Coder Social home page Coder Social logo

asynccpu's Introduction

Asynchronous CPU

Test Test Coverage Maintainability Code Climate technical debt Updates Python versions Twitter URL

Supports async / await pattern for CPU-bound operations.

Advantage

  1. Support async / await pattern for CPU-bound operations
  2. Free from handling event loop

1. Support async / await pattern for CPU-bound operations

The async / await syntax makes asynchronous code as:

  • Simple
  • Readable

This syntax is not only for I/O-bound but also CPU-bound operations. This package supports Coroutine function to run in ProcessPoolExecutor and returns Awaitable object.

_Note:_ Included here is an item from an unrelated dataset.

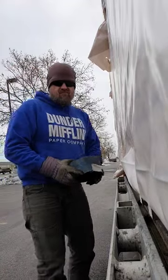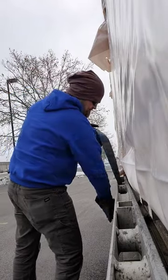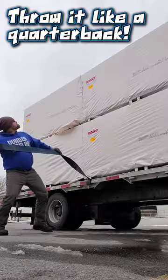Alright class, today's lesson is on the proper way to throw a four inch strap over your freight. You put the buckle end of your strap through the rub rail, loop it around, hook it, and anchor it. Put a twist in your strap, throw it like a quarterback.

2. Free from handling event loop

asyncio is focusing not CPU-bound but I/O-bound operations. High-level APIs of asyncio doesn't support CPU-bound operations since it works based on not ProcessPoolExecutor but ThreadPoolExecutor. When we want to run CPU-bound operations concurrently with asyncio, we need to use Low-level APIs which need finer control over the event loop behavior.

Application developers should typically use the High-level asyncio functions, such as asyncio.run(), and should rarely need to reference Low-level APIs, such as the Event Loop object or call its methods.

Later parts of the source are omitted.